Tres horas más tarde desperté empapado en sudor y con el corazón que se me salía por la boca. El disco seguía girando y el sonido lo envolvía todo: muebles, paredes, suelos, ventanas, camas y aire.
Recordé la agradable conversación que había mantenido por la mañana con aquella bella vecina, y me alegré de saber que cabía la posibilidad de que Erika se detuviese en casa antes de subir a su piso. Pero todavía faltaban algunas horas, así que decidí tomar una copa de vino tinto y un buen trozo de queso. Luego salí para continuar la ronda de mi investigación sobre el misterio de la mierda en la escalera. Así que subí al tercer piso y llamé a la puerta de al lado del piso de Erika. Cuando había pulsado el timbre por cuarta vez me asaltó una premonición, sin duda, algo me decía que estaba ante la puerta del presunto autor del delito. Entonces se abrió lentamente la puerta y tras ella se asomó un niño de unos cuatro años, de cabellos dorados como el trigo, ojos azul cielo y un suave acento extranjero. Se quedó mirándome sin decir nada, un par de segundos después una anciana se asomó apartando al chiquillo de la puerta y dijo:
-¡Anda Luca déjame ver qué quiere este señor!- el niño obedeció a regañadientes y desapareció de mi vista.

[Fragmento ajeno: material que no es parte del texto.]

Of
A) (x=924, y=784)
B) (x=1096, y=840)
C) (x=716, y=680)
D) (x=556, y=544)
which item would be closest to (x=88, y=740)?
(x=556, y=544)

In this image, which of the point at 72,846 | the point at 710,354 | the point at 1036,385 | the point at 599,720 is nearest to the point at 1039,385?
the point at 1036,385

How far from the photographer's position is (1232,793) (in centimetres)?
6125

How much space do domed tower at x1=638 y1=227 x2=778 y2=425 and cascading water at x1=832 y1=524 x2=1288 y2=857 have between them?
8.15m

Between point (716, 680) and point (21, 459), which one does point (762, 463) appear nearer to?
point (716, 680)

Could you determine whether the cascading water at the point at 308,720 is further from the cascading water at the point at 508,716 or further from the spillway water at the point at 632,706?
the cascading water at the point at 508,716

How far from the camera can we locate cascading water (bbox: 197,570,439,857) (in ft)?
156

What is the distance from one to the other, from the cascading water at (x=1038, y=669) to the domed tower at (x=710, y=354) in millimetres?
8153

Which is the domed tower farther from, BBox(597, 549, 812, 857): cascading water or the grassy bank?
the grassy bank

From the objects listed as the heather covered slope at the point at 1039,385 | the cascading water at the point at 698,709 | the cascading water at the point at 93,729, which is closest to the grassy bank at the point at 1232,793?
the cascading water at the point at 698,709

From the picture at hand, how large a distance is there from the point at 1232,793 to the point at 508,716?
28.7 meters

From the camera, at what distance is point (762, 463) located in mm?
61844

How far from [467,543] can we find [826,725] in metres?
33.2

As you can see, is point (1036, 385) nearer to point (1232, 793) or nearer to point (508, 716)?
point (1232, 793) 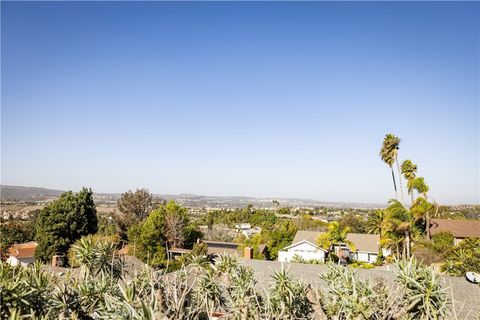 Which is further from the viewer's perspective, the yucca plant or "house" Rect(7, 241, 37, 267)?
"house" Rect(7, 241, 37, 267)

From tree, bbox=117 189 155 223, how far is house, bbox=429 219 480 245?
43.9m

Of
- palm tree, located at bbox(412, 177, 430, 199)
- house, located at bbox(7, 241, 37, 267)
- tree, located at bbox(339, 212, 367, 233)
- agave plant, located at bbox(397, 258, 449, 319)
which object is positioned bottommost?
house, located at bbox(7, 241, 37, 267)

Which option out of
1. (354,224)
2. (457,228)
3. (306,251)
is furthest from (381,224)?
(354,224)

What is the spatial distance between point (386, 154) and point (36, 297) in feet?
147

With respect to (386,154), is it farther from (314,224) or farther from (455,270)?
(314,224)

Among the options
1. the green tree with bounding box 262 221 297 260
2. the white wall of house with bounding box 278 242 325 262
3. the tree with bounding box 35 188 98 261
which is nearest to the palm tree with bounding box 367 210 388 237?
the white wall of house with bounding box 278 242 325 262

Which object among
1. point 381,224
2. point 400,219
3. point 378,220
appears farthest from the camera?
point 378,220

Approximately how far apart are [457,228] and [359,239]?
1368 centimetres

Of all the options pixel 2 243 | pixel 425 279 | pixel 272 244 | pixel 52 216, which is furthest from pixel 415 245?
pixel 2 243

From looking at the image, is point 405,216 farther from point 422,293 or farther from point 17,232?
point 17,232

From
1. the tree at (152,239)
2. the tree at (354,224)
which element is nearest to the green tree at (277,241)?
the tree at (152,239)

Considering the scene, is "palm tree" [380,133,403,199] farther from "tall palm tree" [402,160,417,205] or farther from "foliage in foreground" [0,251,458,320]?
"foliage in foreground" [0,251,458,320]

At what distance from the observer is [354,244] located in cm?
5106

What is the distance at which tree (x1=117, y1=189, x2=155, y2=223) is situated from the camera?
182 ft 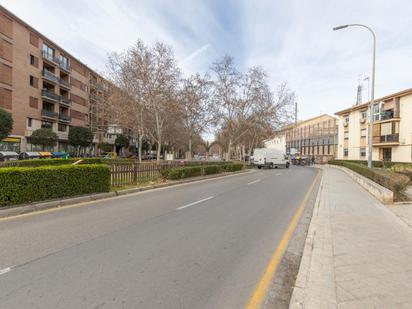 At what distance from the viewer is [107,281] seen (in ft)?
10.8

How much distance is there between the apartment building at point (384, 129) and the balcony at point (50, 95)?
50452 millimetres

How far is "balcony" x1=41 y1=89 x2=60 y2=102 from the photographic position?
128 ft

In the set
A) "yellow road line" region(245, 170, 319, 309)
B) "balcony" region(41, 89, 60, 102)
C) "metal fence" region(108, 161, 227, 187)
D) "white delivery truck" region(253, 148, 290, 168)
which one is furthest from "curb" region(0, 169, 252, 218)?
"balcony" region(41, 89, 60, 102)

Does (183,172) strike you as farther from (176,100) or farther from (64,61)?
(64,61)

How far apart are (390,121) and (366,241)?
122ft

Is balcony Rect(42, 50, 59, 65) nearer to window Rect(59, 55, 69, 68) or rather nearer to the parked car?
window Rect(59, 55, 69, 68)

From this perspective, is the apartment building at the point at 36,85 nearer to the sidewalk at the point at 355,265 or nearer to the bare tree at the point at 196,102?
the bare tree at the point at 196,102

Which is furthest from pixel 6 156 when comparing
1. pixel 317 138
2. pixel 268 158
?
pixel 317 138

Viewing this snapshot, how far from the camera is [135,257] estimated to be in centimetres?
409

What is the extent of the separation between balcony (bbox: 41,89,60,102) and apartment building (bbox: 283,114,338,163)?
43.2 m

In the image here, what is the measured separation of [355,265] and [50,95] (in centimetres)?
4724

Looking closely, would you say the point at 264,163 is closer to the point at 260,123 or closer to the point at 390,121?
the point at 260,123

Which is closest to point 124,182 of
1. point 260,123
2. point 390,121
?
point 260,123

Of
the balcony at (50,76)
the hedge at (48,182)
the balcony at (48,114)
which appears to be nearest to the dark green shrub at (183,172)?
the hedge at (48,182)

-¿Qué se le ofrece buen hombre?- me preguntó amablemente la anciana.
-Me llamo Arturo Montes- me presenté-, y soy el vecino del primero be, recién llegado apenas hace unos meses.
La anciana sonrió mostrándome su dentadura postiza, tenía expresión de bondad en su rostro marcado por las arrugas, sin duda parecía que la vida la había tratado mal. Era de esas mujeres a las que les tocó vivir los estragos de la guerra.
-Encantada hijo, mi nombre es Catalina- me ofreció la mano que yo estreché con suavidad porque pensé que hacer el gesto de besársela le iba a parecer una extravagancia.
-Quería preguntarle si está al tanto del tema de…- no supe cómo hacer referencia al asunto, me pareció algo grosero decirle a aquella abuela que rebosaba bondad por todos lados, algo tan grotesco como lo de la defecación en la escalera.
-No se apure muchacho- dijo invitándome a entrar-, ya sé por lo que ha venido, no se apure hombre, que con esta van siete veces, sí como lo oye.
Me quedé de una pieza, ¿cómo lo había adivinado?